The Consumer Financial Protection Bureau has filed a lawsuit against a partner of credit repaid company Progrexion Marketing, Inc., accusing the partner of refusing to comply with subpoena and provide documents requested by the agency.
A copy of the complaint in the case of CFPB v. OLP.com, Inc., can be accessed by clicking here.
The CFPB filed suit against Progrexion in May 2019, accusing it of violating the Telemarketing Sales Rule and the Consumer Financial Protection Act when selling and marketing credit repair services because it knew that the partners it was using to refer business were engaging in deceptive or unlawful marketing activities.
OLP.com was one of the “hotswap” partners that transferred “thousands of consumers” to Progrexion every year for more than a decade, according to the complaint. To date, OLP.com has provided just 24 documents in response to the CFPB’s subpoena, and is using “boilerplate and unsubstantiated objections” to keep it from producing more of the requested information.

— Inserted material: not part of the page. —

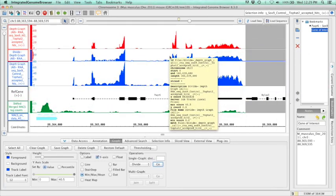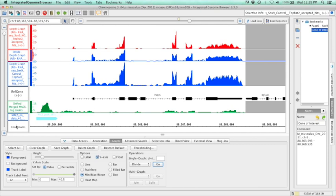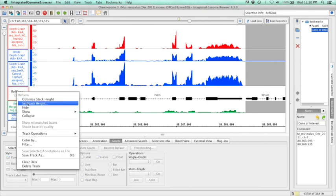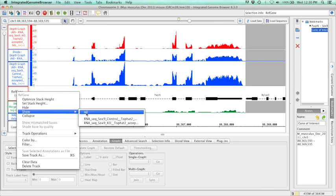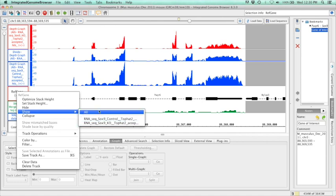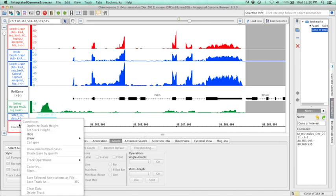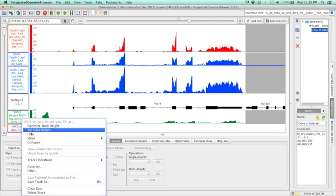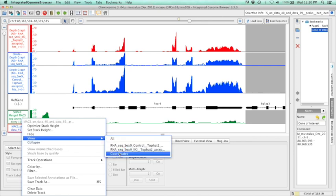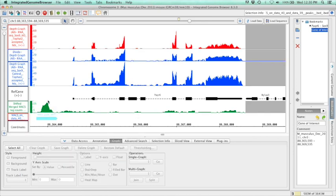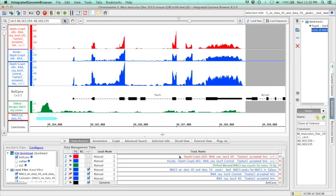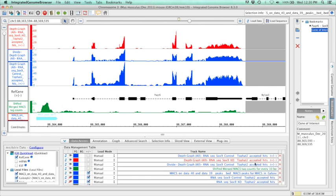Raj asked how to bring back the coordinates in IGB — right-click over in the tracks area, go to show, and whatever you've hidden will be listed there so you can select individual items or select all. Anne brought up a good point about renaming tracks: come down to the data access tab, find the track name field, and change it to something shorter, like 'MACS tags' or 'peaks,' which is useful when taking images with labels.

Not only has OLP.com refused to comply with the subpoena, the CFPB alleges, but it has also failed to provide adequate reasons why it should comply, according to the complaint. Those objections include a “general privilege objection and a general objection that the requested format of certain unspecified documents would ‘impose an unreasonable burden
on the Company’ — without identifying how,” the CFPB alleges.
The defendant has “rebuffed” every attempt made by the CFPB to discuss the burden of complying with the subpoena in greater detail, the Bureau alleges in its complaint, which was filed in the District Court for the Northern District of Florida, Tallahassee Division.